A Cincinnati Public Education board member approached me recently, thinking I knew something about climate change. She asked me what I would stress in developing a climate change curriculum for elementary students. I thought about it for a bit and responded; teach humanity (no surprise for anyone who knows me). With a confused look on her face, I explained that, at one point, we were all equal. We all struggled to learn to walk, talk, eat, read, and share and care for others. I tried to make the point that leaving behind an egocentric mentality that we all have as children is not easy for anyone, but it is something we all learn to do... with varying amounts of tantrums. It takes time and heaps of patience from our elders to move from infant to toddler, toddler to child, and child to adult. Somewhere along this evolutionary path, many of us (myself included) need to remember these lessons associated with letting go of the giant I.

 

Having talked about climate change for 20 years now, I’ve realized that climate change is all about the big I, and most of us are infants regarding climate change comprehension. And as silly as it sounds, we need to remember our long path out of egocentricity to understand climate change. Climate change flourishes on the big I, inequality. It forces those least responsible for its creation to bear the most significant burden.

 

What would it mean to us if we shared our resources with others with little or nothing? If we listened with compassion to those calling out for help worldwide? Or if we took care of everyone, from our closest neighbors to that one distant relative only seen at Thanksgiving, with the same amount of care and compassion? What if we did this for people we had never met, individuals we consciously or unconsciously rob of basic daily needs like clean water or food? Why should I care about that homeless person on the street or why would I care about someone killed in the latest tornado, flood, fire, cyclone, earthquake, tsunami or whatever unnatural disaster were to hit next? What if one day it were to happen to me? Even though I did everything right, what if?

 

Disasters have no measuring stick; the only ones who do are us. So, what would I teach kids in a climate change curriculum? Not science. That would scare them to death. I would teach them to apologize. Play fair in the playground. Take responsibility for mistakes, big and small.
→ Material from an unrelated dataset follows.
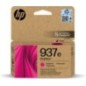 hp 938 - Pack x 4 cartouche d'encre originale 4S6X8PA, 5PA, 6PA, 7PA - Black Cyan Magenta Yellow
CARE. Care for something as if your life depended on it, and extend that feeling to many others.

 

You see, somewhere along our paths to adulthood, many of us lost these lessons learned so early in our lives. I fear the Earth is teaching us daily survival lessons, and we ignore everyone. Today, we are locked up in confined spaces, and the Earth is healing. Without us! The Earth has wiped out civilizations before. Those of us who have survived unnatural disasters know this. Maybe they, too, did not heed Mother Nature’s warnings. We have forgotten seminal experiences of respect and compassion on a global scale.

 

Religion, for better or worse, has taught followers the power of care and empathy for others, animals, and Earth in almost every text, but we have missed these lessons... and for what? So, with 10 years left in our collective existence as we know it (2018 IPCC Report), schools teach compassion. The students will need it when they are older, and this may be the one thing left to move humanity forward in this last decade on Earth as we know it.